▶

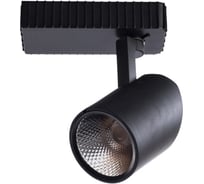 Потолочный светильник Arte Lamp A3607PL-1BK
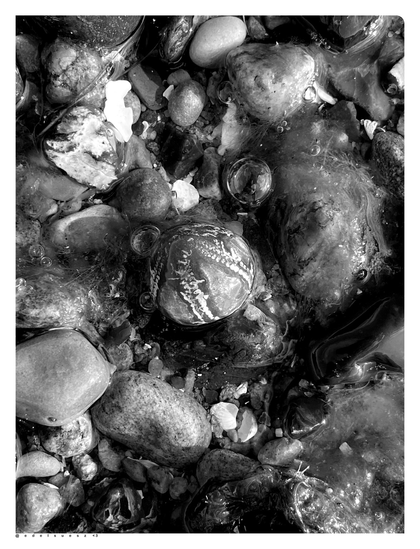 Schwarzweißfotografie: Wasser überzogener Spülsaum am Ostseestrand, mehrere kleine und größere Steine, mittig ein angespülter versteinerter fünfstrahliger Seeigel, zwei große und mehrere kleine Luftblasen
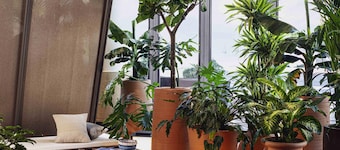 Novotel Paris Porte De Versailles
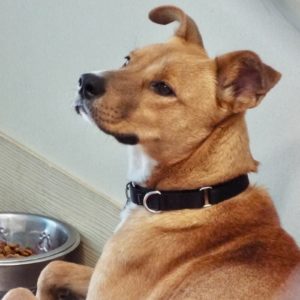 Picture of Shamrock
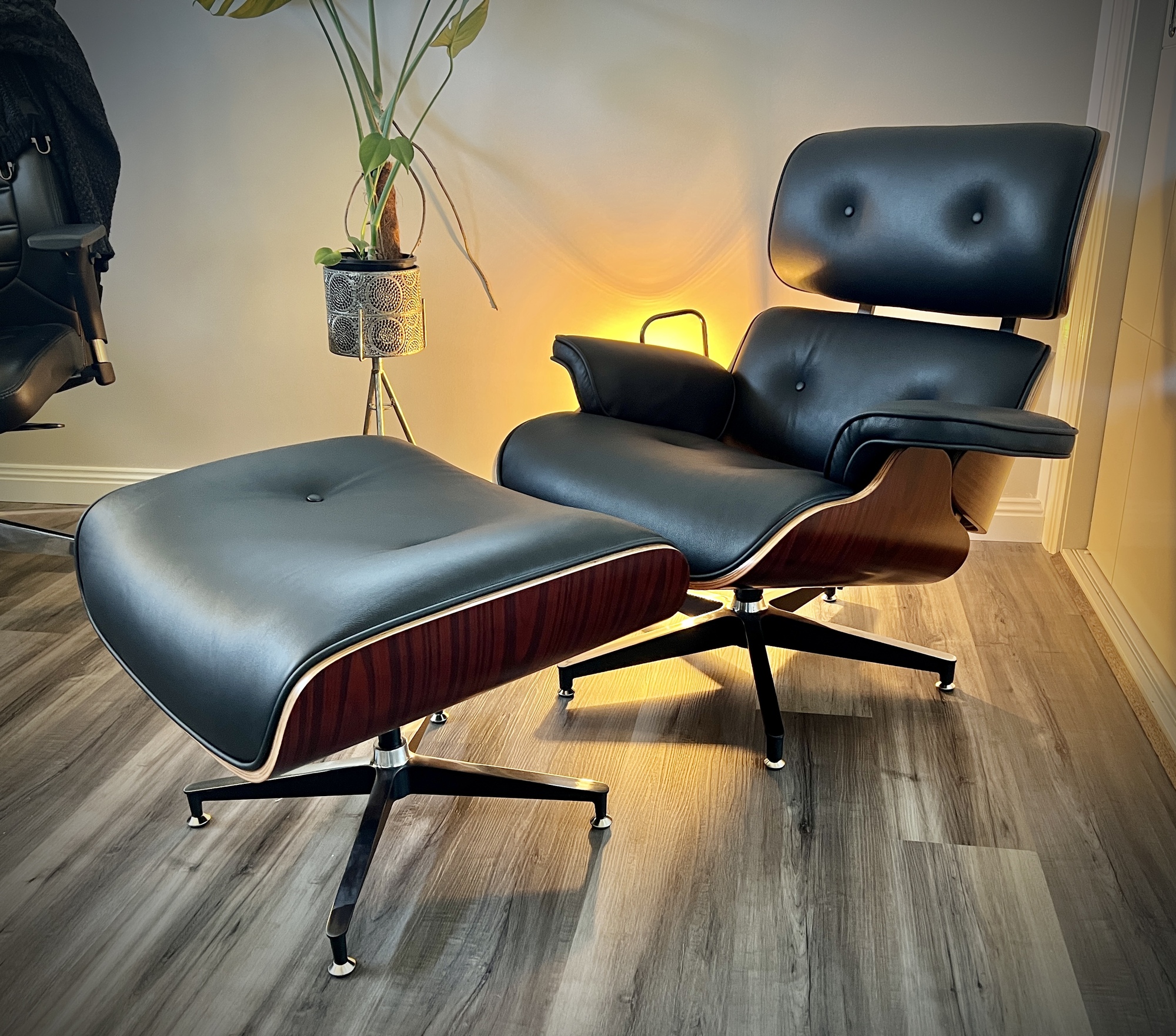 eames chair temple and webster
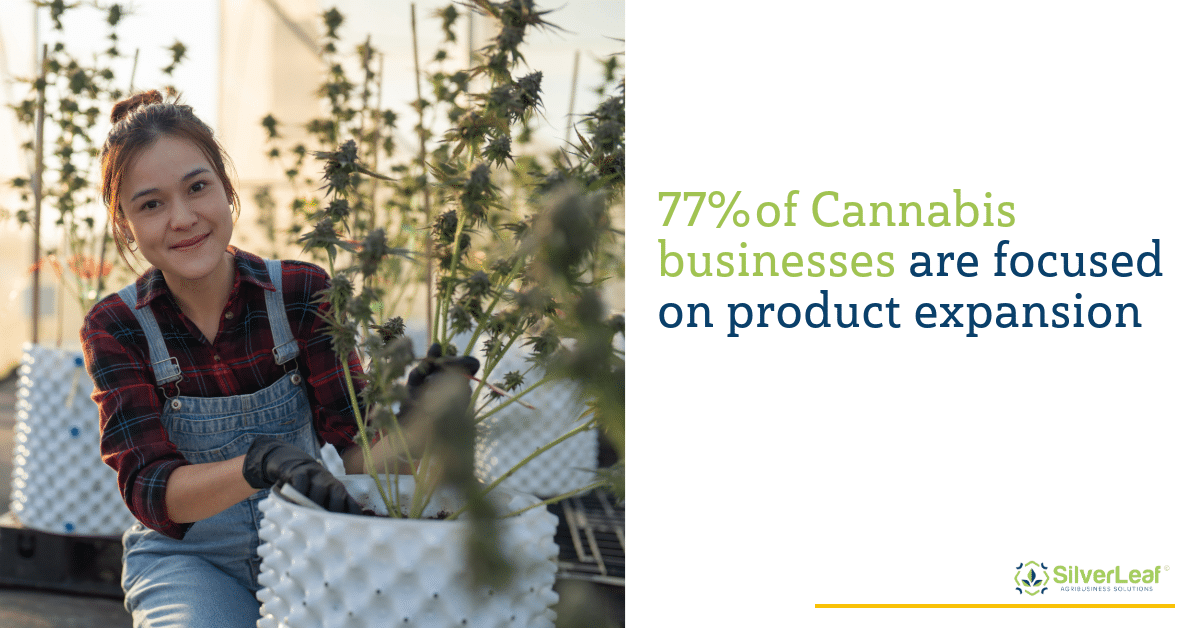 State Of The Cannabis Industry Li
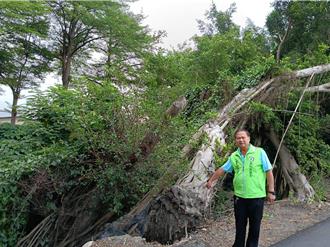 彰化舊濁水溪河堤樹木倒伏藏危機 縣府出手了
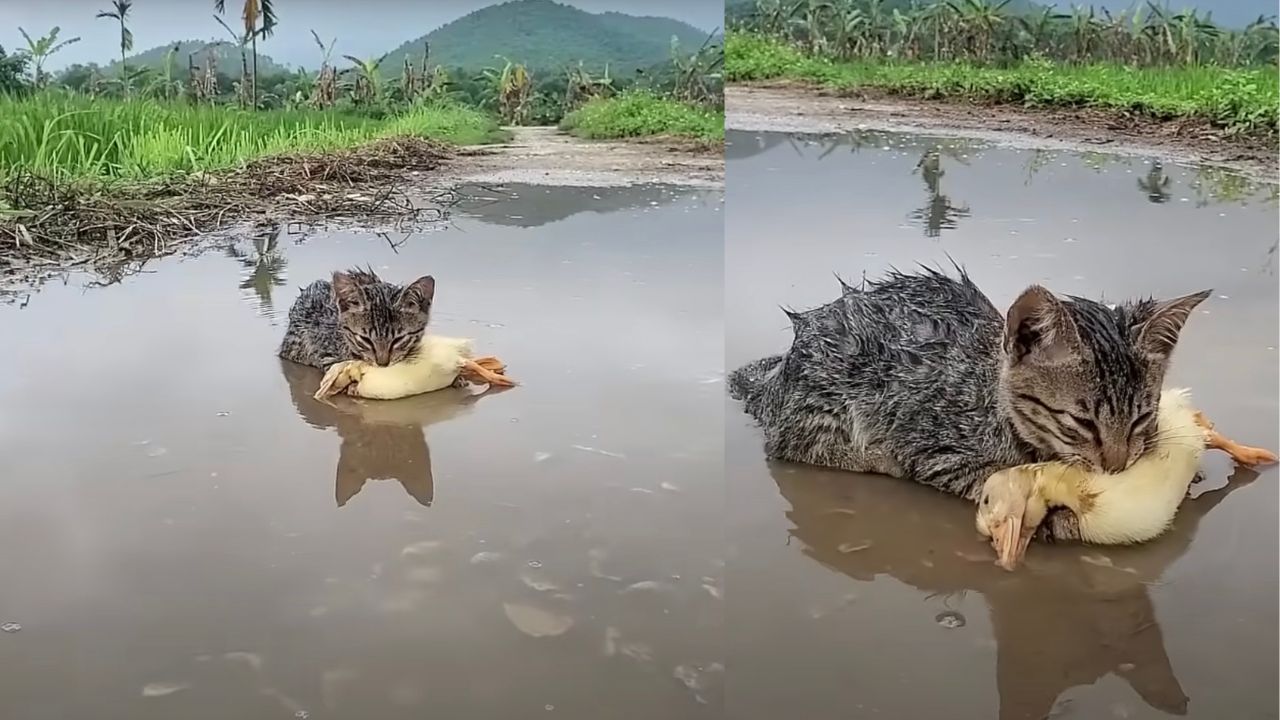 Gattino e anatroccolo nella pozzanghera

◀

What the task asks = The records, exactly as written but without images, should be returned.

Solution =
 Потолочный светильник Arte Lamp A3607PL-1BK
 Schwarzweißfotografie: Wasser überzogener Spülsaum am Ostseestrand, mehrere kleine und größere Steine, mittig ein angespülter versteinerter fünfstrahliger Seeigel, zwei große und mehrere kleine Luftblasen
 Novotel Paris Porte De Versailles
 Picture of Shamrock
 eames chair temple and webster
 State Of The Cannabis Industry Li
 彰化舊濁水溪河堤樹木倒伏藏危機 縣府出手了
 Gattino e anatroccolo nella pozzanghera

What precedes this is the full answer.